A moan from the foghorn drifted in, its solemn tone drowned under their laughter.

  Her time in the canoe often seemed to have no beginning and no end. The heat overtook Isobel by midafternoon so she would have to steer the canoe to the shade of the cliff wall. The life jacket absorbed and stored heat so that sweat ran continuously between her breasts. She felt safer in the shade, and in the cool pause she noted the stunted ferns curving outward from horizontal cracks of stone, vivid in contrast.

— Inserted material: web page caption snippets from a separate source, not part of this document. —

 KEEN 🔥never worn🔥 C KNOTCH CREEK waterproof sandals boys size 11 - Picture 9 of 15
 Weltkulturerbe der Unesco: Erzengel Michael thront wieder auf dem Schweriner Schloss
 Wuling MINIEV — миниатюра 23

  There was only sun and water, and of course the stone. Nearly every foot of the shoreline was defined by it — the sloped hump rising to separate Cathryn’s cottage from the water, the cliffs casting Isobel’s shade, and beyond the point, the jagged teeth flanking the entrance to the Maze.

  Jack’s cabin was nearly a mile beyond, his small island set deep into the corridor, past the point where the cautious dared.

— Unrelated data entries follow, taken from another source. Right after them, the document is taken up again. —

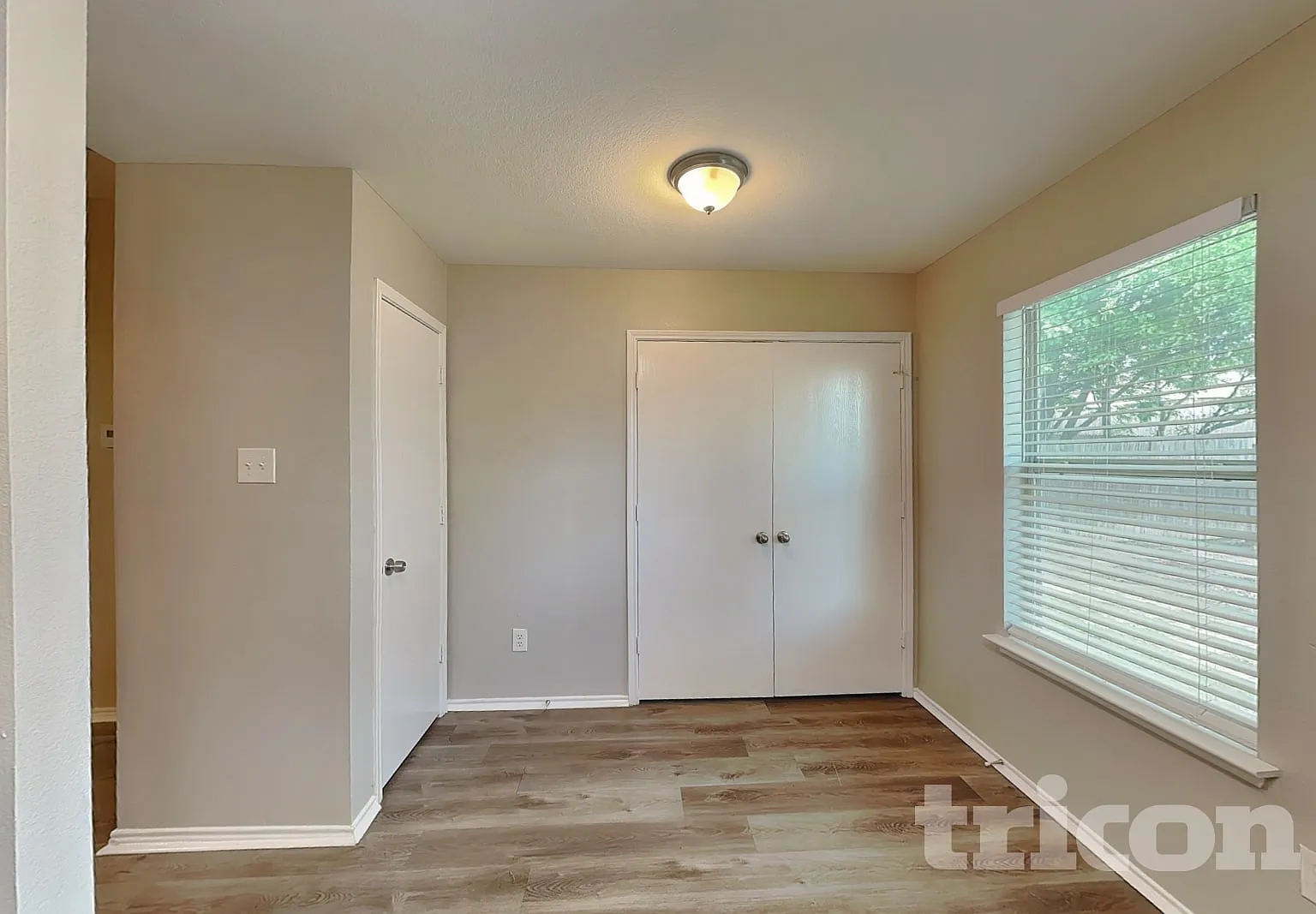 1320 Cleardale Drive Dallas TX — Photo 4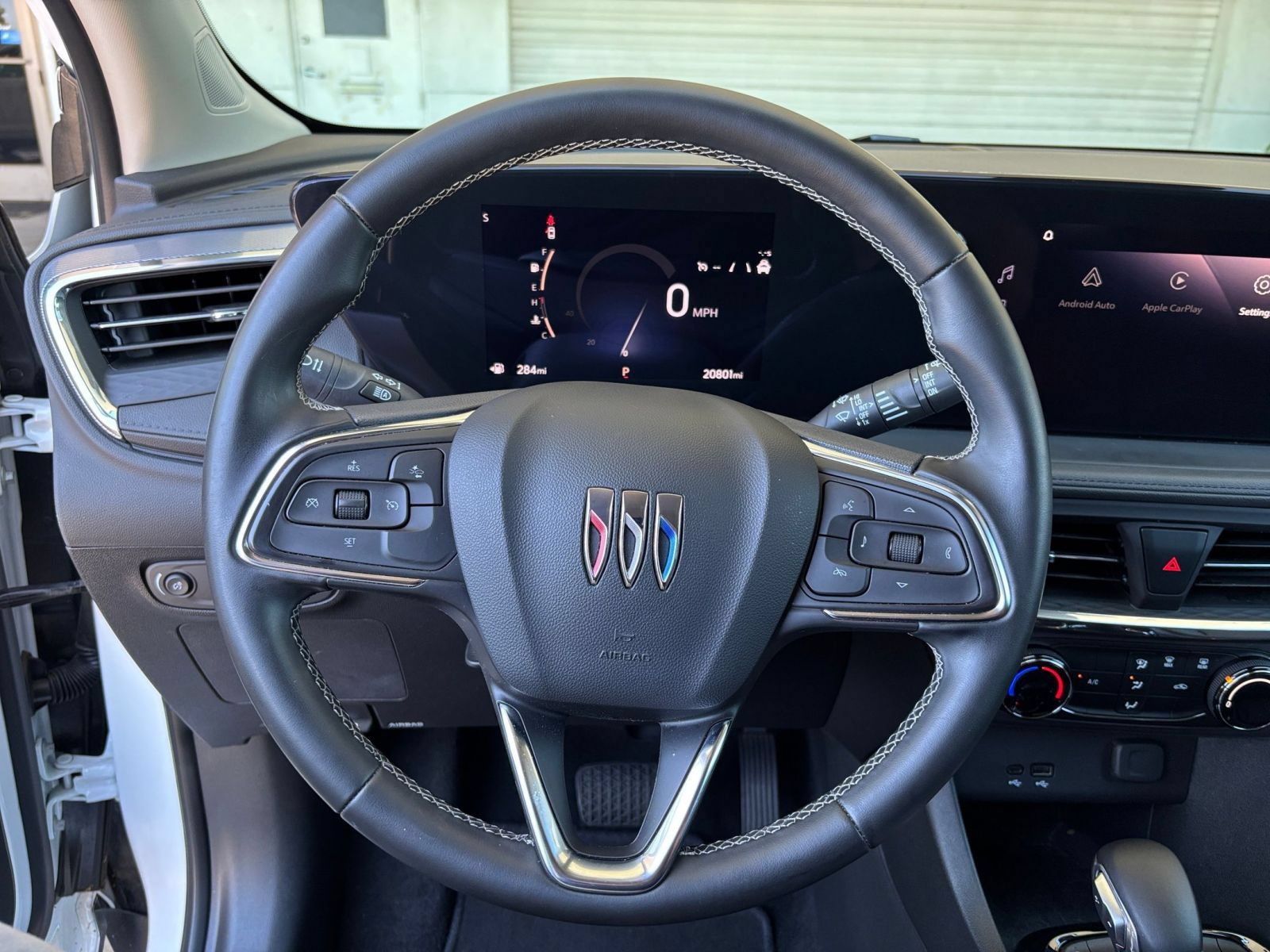 Used 2025 Buick Encore GX Preferred FWD image 28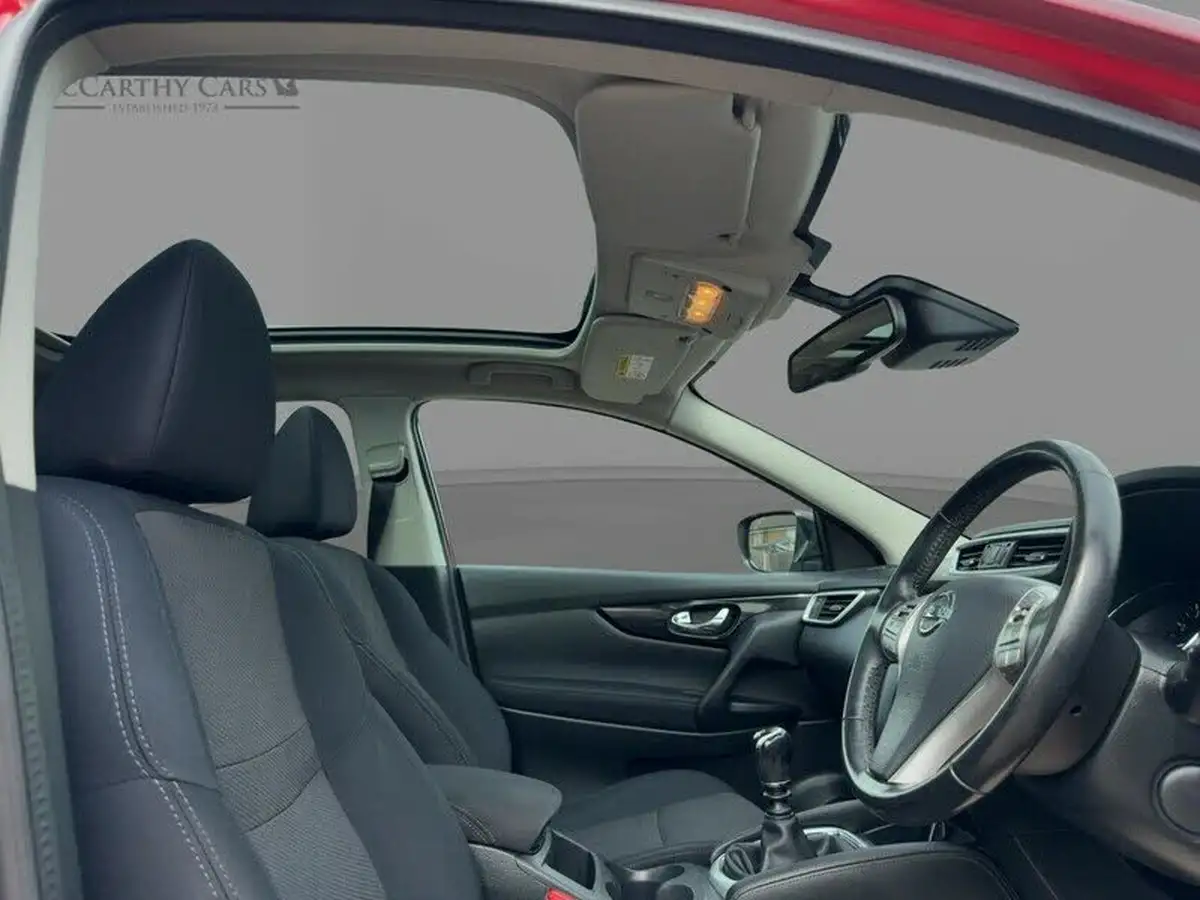 2016-nissan-qashqai-12-dig-t-n-connecta-big-1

  Isobel went as far as the cabin once, invited to paddle over for a picnic on a rare day Jack and Cathryn spent on his island.

  Jack had given her a compass and warned that once into the Maze, she should aim straight west and avoid veering into the many channels to the north. On the map the Maze looked like an elongated torso with writhing limbs, its watery arms narrowed into thin hands with thinner fingers, and those channels tapered to curl back on themselves like a Chinaman’s fingernails. Many passages were no wider than a canoe, and as many dead-ended at cliffs or widened to feather out once again into bogs or low tamarack forests.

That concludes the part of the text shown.